Effect of Special Low-Protein Foods Consumption in the Dietary Pattern and Biochemical Profile of Patients with Inborn Errors of Protein Metabolism: Application of a Database of Special Low-Protein Foods

Round 1

Reviewer 1 Report

The title of this article is “Effect of special low-protein foods consumption in the dietary pattern and biochemical profile of patients with inborn errors of protein metabolism: Application of a database of special low-protein foods”. This is an interesting topic, and it is an area that needs our attention. However, there are still some areas of the article that need to be revised:

1.      Authors need to double check the writing of their articles, for example, the P-values in the abstract section of the article, where some are italicized and some are not, and authors need to align this.

2.      The article begins by identifying dietary modification as the primary treatment for IEM and suggests ways to supplement SLPFs.

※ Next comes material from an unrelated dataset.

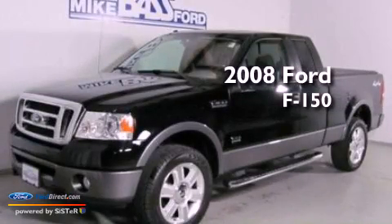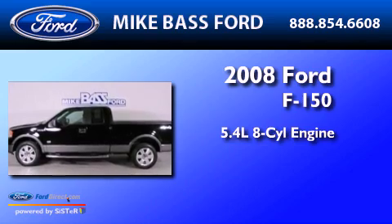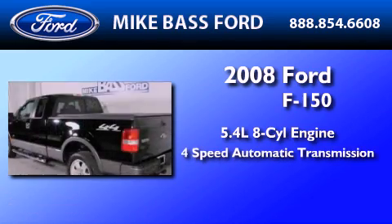This is a 2008 Ford F-150. It has a 5.4-liter eight-cylinder engine and a four-speed automatic transmission.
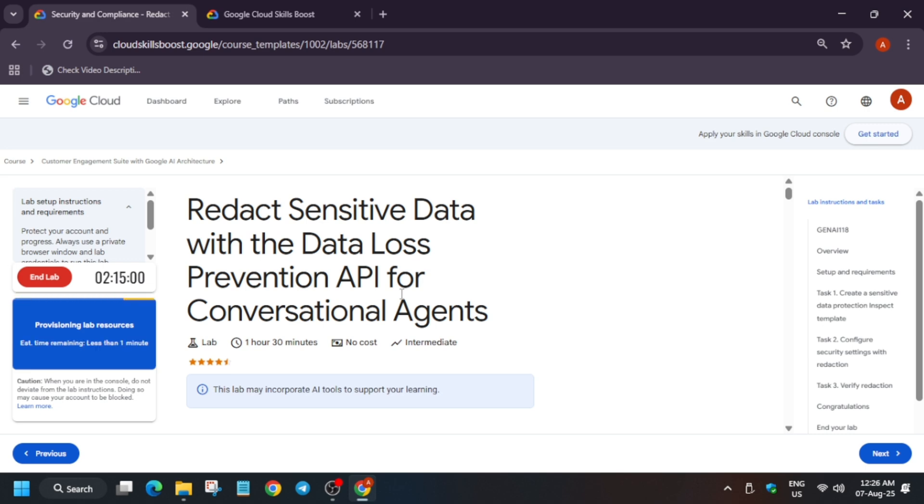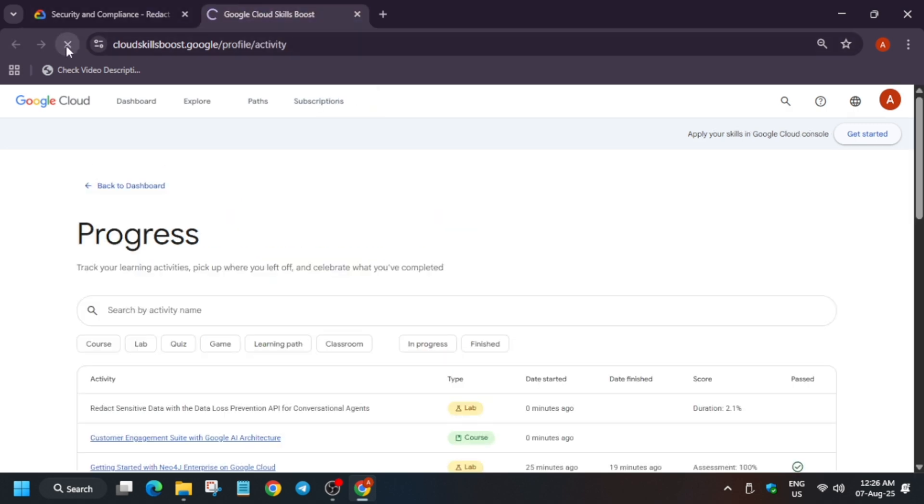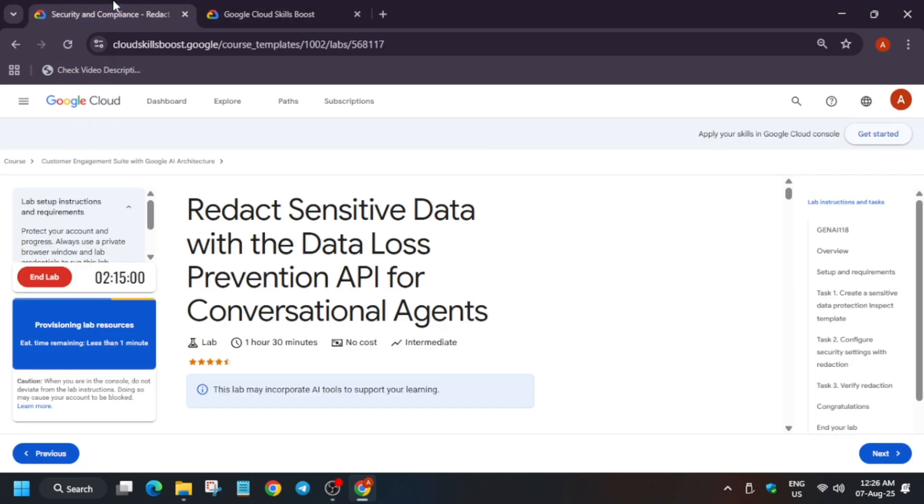So let's move ahead. Here you can see we are now in the last step. We haven't got any score because the lab has not been started yet, but the time has passed approximately five minutes. So let's wait for some more time.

However, the article lacks information on the dangers of high-protein foods for IEM patients, for which the authors need to make appropriate additions to make the article more complete.

3.      The "Materials and Methods" section can be inserted into the article before the results to make it easier for readers to understand the article and increase the sense of hierarchy.

4.      In the discussion of the article, it is often pointed out that the results obtained from the experiment are similar to the results obtained from similar experiments in the past. In this regard, the authors should have discussed the experimental results in more depth, and the innovations of the experiments need to be pointed out more clearly and analyzed.

5.      Article 532, 533 lines. The authors mention the benefits of dietary fiber supplementation. For this part, the authors could have discussed in more depth from several perspectives, such as starting from the perspective of intestinal flora and further analyzing the benefits of mountain dietary fiber for the IEM population in the context of protein metabolism and the regulatory effects of dietary fiber on intestinal flora.

6.      The article provides a new idea for the treatment of IEM. However, the article lacks some revelation, and the authors need to give more of their own perspective and an outlook for the future in the context of practice.

7.      Authors are requested to carefully check the format of the references used in the article to ensure that the references are in the required format.

Please revise the English expressions in the manuscript by removing unnecessary "the" from the sentences, making sure the sentences look more concise, and replacing words that appear too often in the text.

Author Response

RESPONSES TO REVIEWER #1

The title of this article is “Effect of special low-protein foods consumption in the dietary pattern and biochemical profile of patients with inborn errors of protein metabolism: Application of a database of special low-protein foods”. This is an interesting topic, and it is an area that needs our attention. However, there are still some areas of the article that need to be revised:

Response: We thank the reviewer for his/her feedback. We appreciate his/her interest in the topic, and we agree that it is an area that requires attention. We will carefully review the identified areas that need revision to improve the article's quality.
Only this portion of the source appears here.